A starting question to prompt you to explore the data, which may not be your final question, is how well can we predict if someone will stop working for an agency after 1 or 2 years? Turnover in workers is very costly because training is costly and it can lead to low morale on the team.
You can work on a different dataset or work on a different problem but please clear it with the instructor before doing so.
You should write this report treating Freshmen students as your target audience.
You MUST have a partner for project 1. There is a 15% penalty (on the project grade) for those who submit a project by themselves.
While the project is somewhat open-ended, your project must cover the following requirements:
- A description and exploration of the data
- If you decide to work on a subset of data, you should explain how that subset is selected
- Your exploration should give the readers a sense of the complexity and nuance in the dataset
- If you process the data like handling missing values, summarizing data across regions or time periods, filtering out bad data points, recoding titles, etc you should documente these.
- Any assumptions you may make about the fields should be stated.
- Your exploration should cover whether you have collinearity in your data
- You must engineer at least 2 features that do not already exist in the data
- At least one feature should be related to the agency level characteristic, e.g. manager to worker ratio, last year’s growth, female/male ratio, etc
- The other feature(s) have certain restrictions:
- They cannot be a linear combination of the other features, e.g. the sum of column 1 vs column 2
- They cannot be random non-linear transforms without justification, e.g. simply squaring or exponentiating another column
- The features can be sourced from another dataset.
- This should be reasonable, please explain your reasoning for creating this feature.
- Please discuss whether your features were useful for your question
- Some visualizations of the data
- One visualization must summarize at least one of the key features of the data sources
- One visualization must summarize or highlight the interaction between features in your data
- Use at least one algorithm to predict the churn
- A description of what algorithm, features, and/or data filtering was used
- You should compare the algorithm’s prediction to the “base rate” of natural turnover
- You must do some sort of validation for this prediction
- Use at least one algorithm to explore any patterns (or lack of patterns) in the data that may not be obvious
- This can be the same algorithm as your prediction
- A short reason why the pattern was not obvious at first, e.g. people who work longer get paid more is considered an obvious fact. Articulating your expectation before exploring the data would often help this requirement.

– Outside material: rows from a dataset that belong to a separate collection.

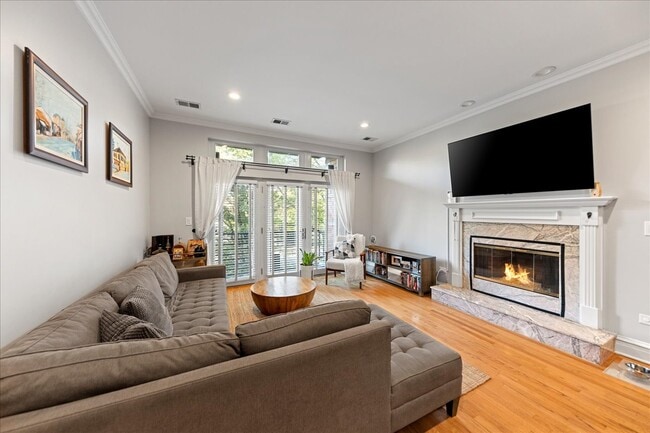 Building Photo - 4226 N Ashland Ave Unit 3A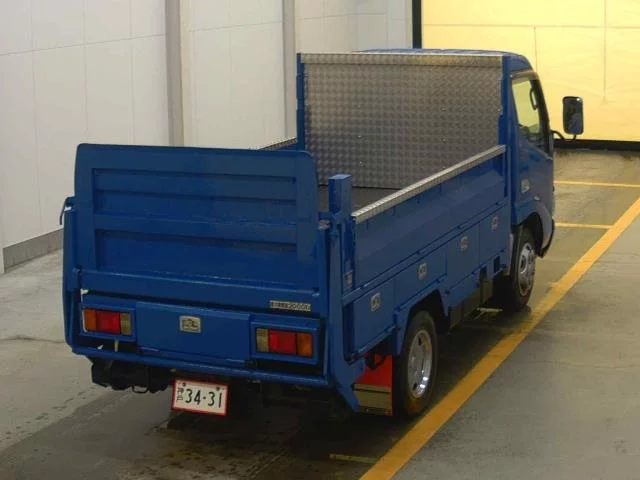 Toyota ToyoAce  с аукциона в Японии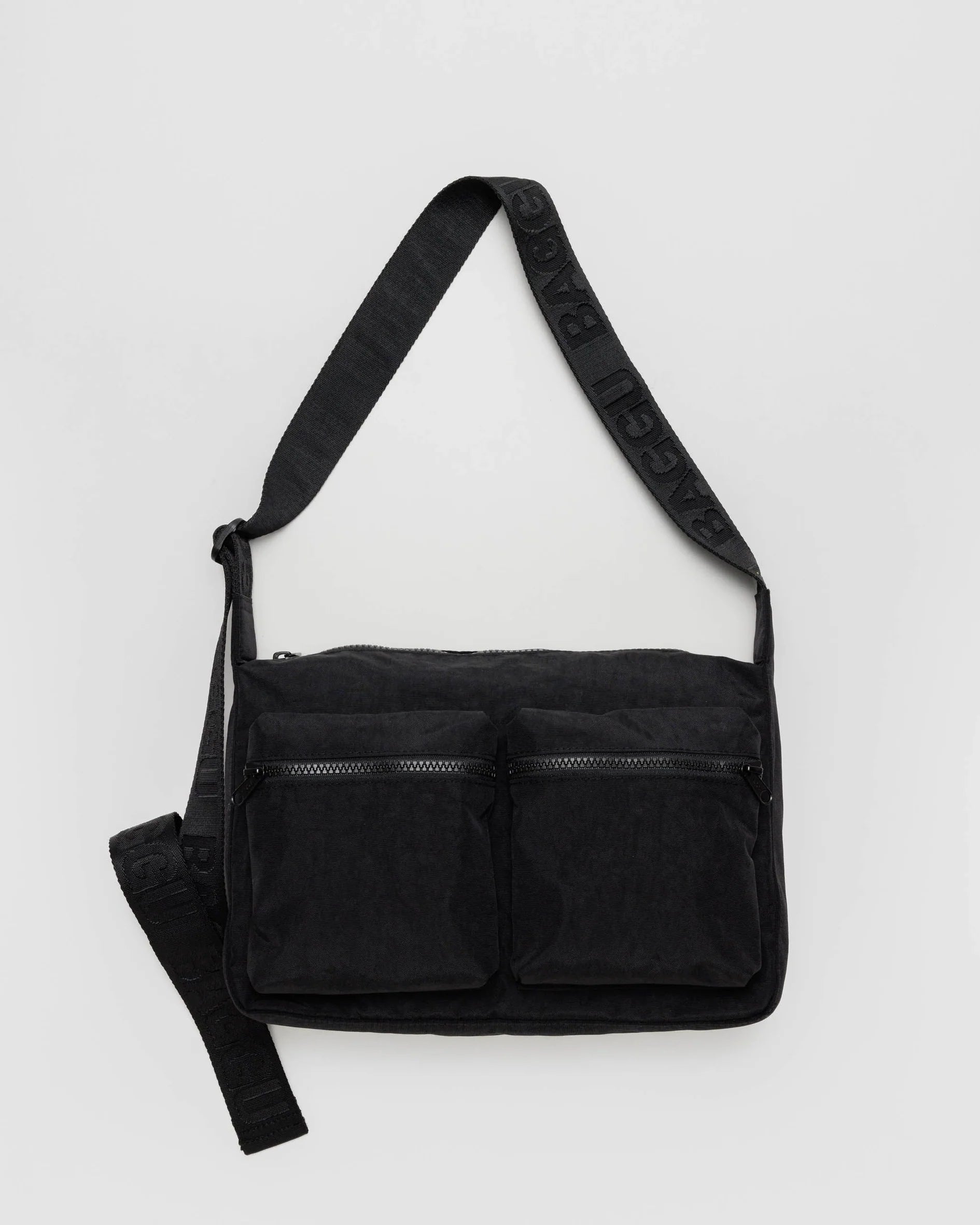 Women's Blouse for BusinessBAGGU Medium Cargo Crossbody in Black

- A description on how the algorithm helped you identify this pattern (or lack of pattern)
- Please investigate and comment on whether you think the pattern (or lack of pattern) is “by chance” or likely a real phenomenon. This should be supported by further data exploration or external sources of information like a major journal or academic literature.
- A introduction and conclusion for your report so a Freshmen student outside of statistics can understand the overall report and insight you have found.